Entonces fue cuando volvió de nuevo a la carga; que me olvidara de Oriol, de esas historias fantásticas de tesoros y que regresara con ella. Ya bastaba de aventuras, Mike era mi futuro y mi tesoro, no podía estropear aquello por las sandeces de mi padrino. Y así habló y habló repitiéndose. No sé en qué momento dejé de escucharla simulando prestar atención.
Me vi otra vez en ella dentro de treinta años, tratando de evitar que mi hija cometiera mis mismos errores. Su relato me admiró. ¿Cómo pudo atreverse mi madre a forzar una relación sexual con Enric? Era la misma determinación con la que ahora pretendía rescatarme a mí de ese supuesto error. No podía perdonarle que me robara las cartas, estaba indignada, pero un repentino alborozo llenaba mi corazón. Era cierto, no le había creído cuando me lo dijo, pero era cierto. Oriol me estuvo escribiendo.
Y me pregunté si el abandono de Barcelona por mamá, el dejar atrás su pasado, fue realmente por mí o por no ver a Enric junto a Alicia. Terminamos el vino y nos quedamos con licores de sobremesa hasta que empezaron a cerrar el restaurante. Luego nos fuimos de copas. De repente empecé a sentir una extraña camaradería.
– Cuéntamelo de nuevo -le decía cuando ya el alcohol me trababa la lengua-. Explícamelo, ¿cómo te lo montaste con Enric?
Ella, que había bebido tanto como yo, reía, hacía muecas modosas, y se excusaba diciendo que en aquellos momentos estuvo muy nerviosa y yo, malvada, la requería de nuevo, insistía jocosa en detalles. Después se puso a llorar y abrazándola me dio a mí también por llorar. En el llanto la maldije en voz alta por robarme las cartas de Oriol. Ella reaccionó diciéndome entre hipos que me las volvería a robar mil veces, que no permitiría que yo sufriera como ella lo hizo, y que me apartara de un hombre de la calaña del proverbial perro del hortelano que ni deja comer ni es él capaz de hacerlo.
– ¿De verdad te lo llevaste a la cama? -volvía a inquirir yo.

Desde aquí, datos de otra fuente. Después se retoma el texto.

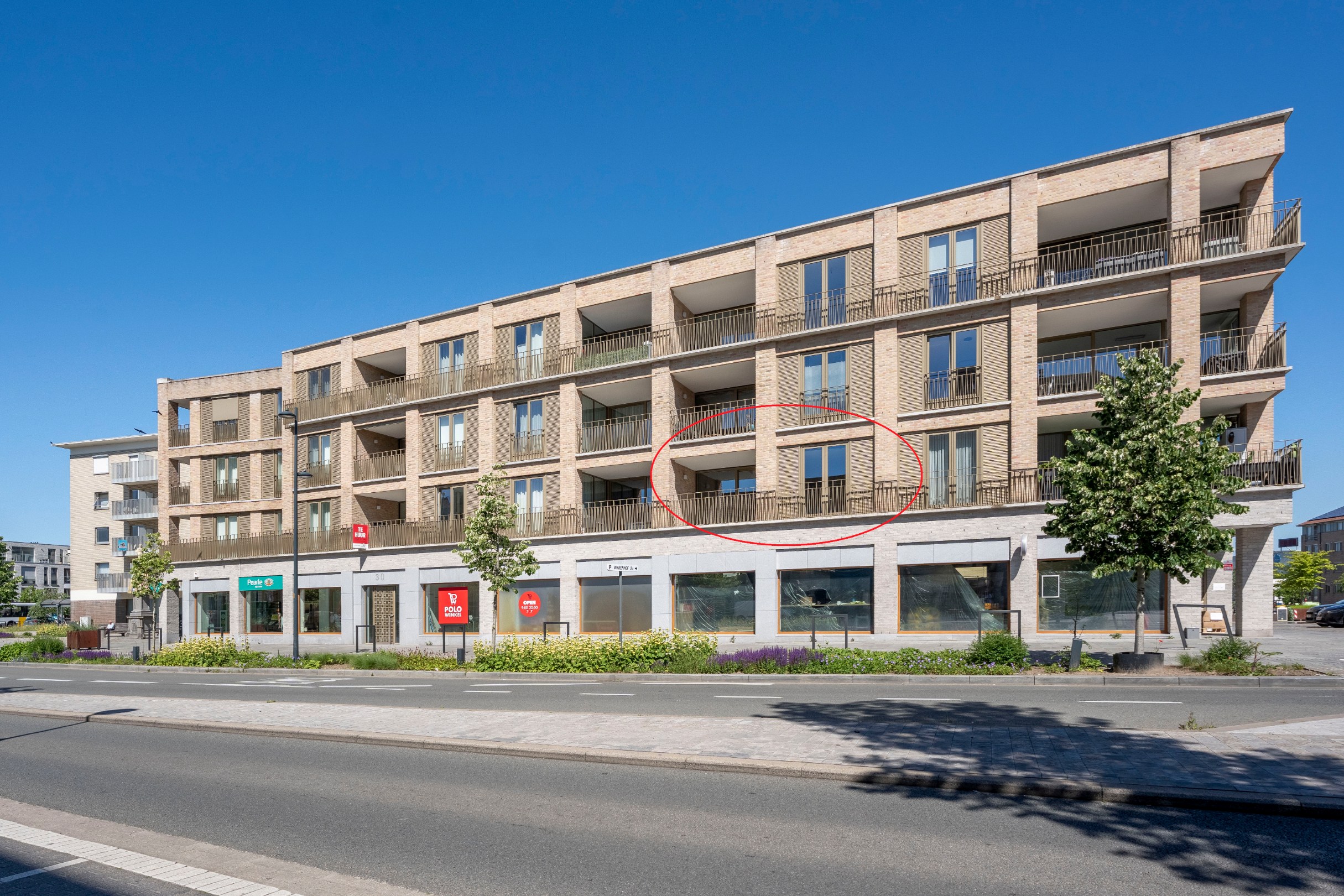 Modern appartement met 1 slaapkamer, terras en ondergrondse staanplaats op TOPlocatie in Harelbeke. - foto 5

No me podía hacer a la idea. No de mi madre. Para mí no era una mujer, era mi mamá, y las mamás no hacen esas cosas. Pero ella ni me respondía, regresaba a su rollo de lo fabuloso que era Mike. Y así, nos hubiéramos pasado toda la noche con el alcohol moderando nuestra charla o mejor, nuestra pareja de monólogos, si yo no le hubiera visto allí.

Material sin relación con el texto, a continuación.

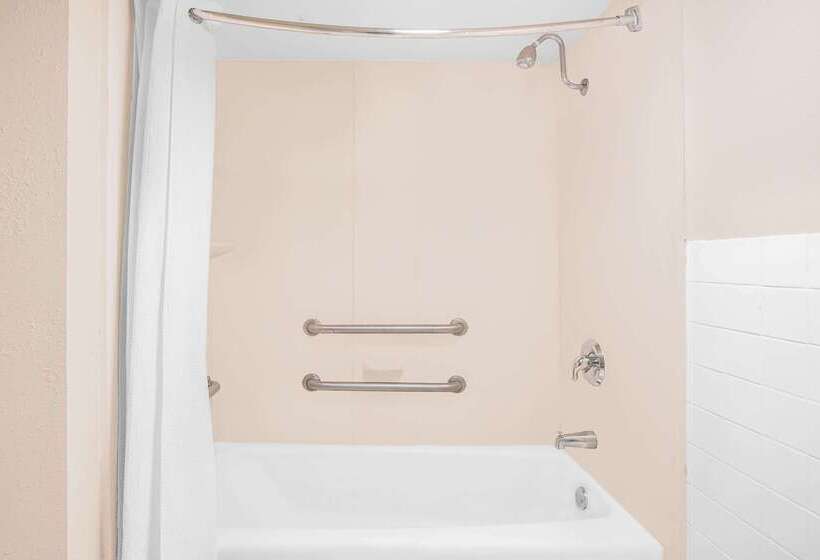 هتل Days Inn By Wyndham Attalla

Estaba en un rincón, vaso en mano, solitario como la muerte. El hombre del pelo blanco, ojos azul desvaído e indumento oscuro. El viejo de la daga. Allí. Y cuando le descubrí mirándome me estremecí.
– ¡Cuervo! -le dije con valor etílico, apuntándole con el dedo. Pero dudo que con el ruido del lugar me oyera-. No me sigas más.
Se limitó a mirarme. Por un momento creí que iba a sonreír pero no lo hizo.
– ¡Vete! -le increpé de nuevo.
Mi madre quiso saber qué pasaba y cuando se lo iba a contar el hombre ya se había ido. Pedí un taxi en la barra y hasta que no vi parar el vehículo enfrente del bar, no me atreví a salir a la calle.